What this task involves:
Would you give again, exactly, the lines running from the line with "Super White / Ash 2009 Toyota Camry" to the end of the data below, both included?

--------

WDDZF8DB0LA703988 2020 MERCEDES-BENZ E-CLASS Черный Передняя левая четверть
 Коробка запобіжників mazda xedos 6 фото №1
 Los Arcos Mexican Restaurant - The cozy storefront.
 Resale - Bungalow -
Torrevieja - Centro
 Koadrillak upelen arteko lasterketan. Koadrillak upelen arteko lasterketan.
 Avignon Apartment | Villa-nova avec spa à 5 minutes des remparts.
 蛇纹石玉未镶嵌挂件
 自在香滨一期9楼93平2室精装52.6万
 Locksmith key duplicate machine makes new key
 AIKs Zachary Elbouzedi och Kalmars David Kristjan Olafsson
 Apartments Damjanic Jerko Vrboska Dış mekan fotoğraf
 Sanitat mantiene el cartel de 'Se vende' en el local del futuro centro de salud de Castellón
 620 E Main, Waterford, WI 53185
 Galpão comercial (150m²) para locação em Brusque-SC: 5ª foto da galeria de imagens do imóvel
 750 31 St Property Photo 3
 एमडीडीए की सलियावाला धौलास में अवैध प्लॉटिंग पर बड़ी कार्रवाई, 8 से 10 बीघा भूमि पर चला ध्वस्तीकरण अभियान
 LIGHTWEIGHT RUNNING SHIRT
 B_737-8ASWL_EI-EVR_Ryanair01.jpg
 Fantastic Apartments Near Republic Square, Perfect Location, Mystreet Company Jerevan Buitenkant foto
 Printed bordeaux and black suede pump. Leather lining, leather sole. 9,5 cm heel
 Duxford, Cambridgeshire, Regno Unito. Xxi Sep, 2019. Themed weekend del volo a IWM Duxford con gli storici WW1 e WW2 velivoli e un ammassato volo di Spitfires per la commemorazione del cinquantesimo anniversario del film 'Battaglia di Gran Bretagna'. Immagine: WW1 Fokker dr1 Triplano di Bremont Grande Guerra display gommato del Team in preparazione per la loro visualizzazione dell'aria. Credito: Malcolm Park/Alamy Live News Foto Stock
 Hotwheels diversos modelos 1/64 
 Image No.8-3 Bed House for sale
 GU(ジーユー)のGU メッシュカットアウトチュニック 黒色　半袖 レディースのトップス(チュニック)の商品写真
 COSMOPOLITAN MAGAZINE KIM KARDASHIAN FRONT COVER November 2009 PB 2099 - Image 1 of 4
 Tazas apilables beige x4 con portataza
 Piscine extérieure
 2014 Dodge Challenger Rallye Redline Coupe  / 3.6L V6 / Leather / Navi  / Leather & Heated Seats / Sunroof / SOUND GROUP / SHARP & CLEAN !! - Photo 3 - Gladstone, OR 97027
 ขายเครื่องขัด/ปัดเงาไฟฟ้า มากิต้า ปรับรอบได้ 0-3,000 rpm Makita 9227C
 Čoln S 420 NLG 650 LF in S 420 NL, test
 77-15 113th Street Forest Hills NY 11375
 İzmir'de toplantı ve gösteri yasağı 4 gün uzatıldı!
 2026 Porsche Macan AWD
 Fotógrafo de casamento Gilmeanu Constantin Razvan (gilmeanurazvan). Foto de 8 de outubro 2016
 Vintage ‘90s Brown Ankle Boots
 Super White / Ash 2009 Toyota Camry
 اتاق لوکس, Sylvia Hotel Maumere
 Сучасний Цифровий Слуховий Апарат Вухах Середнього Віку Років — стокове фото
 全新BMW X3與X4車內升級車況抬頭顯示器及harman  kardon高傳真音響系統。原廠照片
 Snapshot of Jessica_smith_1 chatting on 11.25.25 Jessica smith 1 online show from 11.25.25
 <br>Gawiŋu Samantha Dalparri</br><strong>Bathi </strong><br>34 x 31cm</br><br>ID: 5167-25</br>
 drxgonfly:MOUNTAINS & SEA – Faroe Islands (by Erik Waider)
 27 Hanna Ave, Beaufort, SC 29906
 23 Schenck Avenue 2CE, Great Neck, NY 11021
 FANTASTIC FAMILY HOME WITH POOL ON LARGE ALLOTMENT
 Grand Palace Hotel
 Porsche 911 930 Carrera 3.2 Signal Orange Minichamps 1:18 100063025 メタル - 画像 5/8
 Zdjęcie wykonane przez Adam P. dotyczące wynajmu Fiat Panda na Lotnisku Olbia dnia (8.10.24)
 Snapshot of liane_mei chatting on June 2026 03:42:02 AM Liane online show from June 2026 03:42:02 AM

--------

Answer for the task:
 Super White / Ash 2009 Toyota Camry
 اتاق لوکس, Sylvia Hotel Maumere
 Сучасний Цифровий Слуховий Апарат Вухах Середнього Віку Років — стокове фото
 全新BMW X3與X4車內升級車況抬頭顯示器及harman  kardon高傳真音響系統。原廠照片
 Snapshot of Jessica_smith_1 chatting on 11.25.25 Jessica smith 1 online show from 11.25.25
 <br>Gawiŋu Samantha Dalparri</br><strong>Bathi </strong><br>34 x 31cm</br><br>ID: 5167-25</br>
 drxgonfly:MOUNTAINS & SEA – Faroe Islands (by Erik Waider)
 27 Hanna Ave, Beaufort, SC 29906
 23 Schenck Avenue 2CE, Great Neck, NY 11021
 FANTASTIC FAMILY HOME WITH POOL ON LARGE ALLOTMENT
 Grand Palace Hotel
 Porsche 911 930 Carrera 3.2 Signal Orange Minichamps 1:18 100063025 メタル - 画像 5/8
 Zdjęcie wykonane przez Adam P. dotyczące wynajmu Fiat Panda na Lotnisku Olbia dnia (8.10.24)
 Snapshot of liane_mei chatting on June 2026 03:42:02 AM Liane online show from June 2026 03:42:02 AM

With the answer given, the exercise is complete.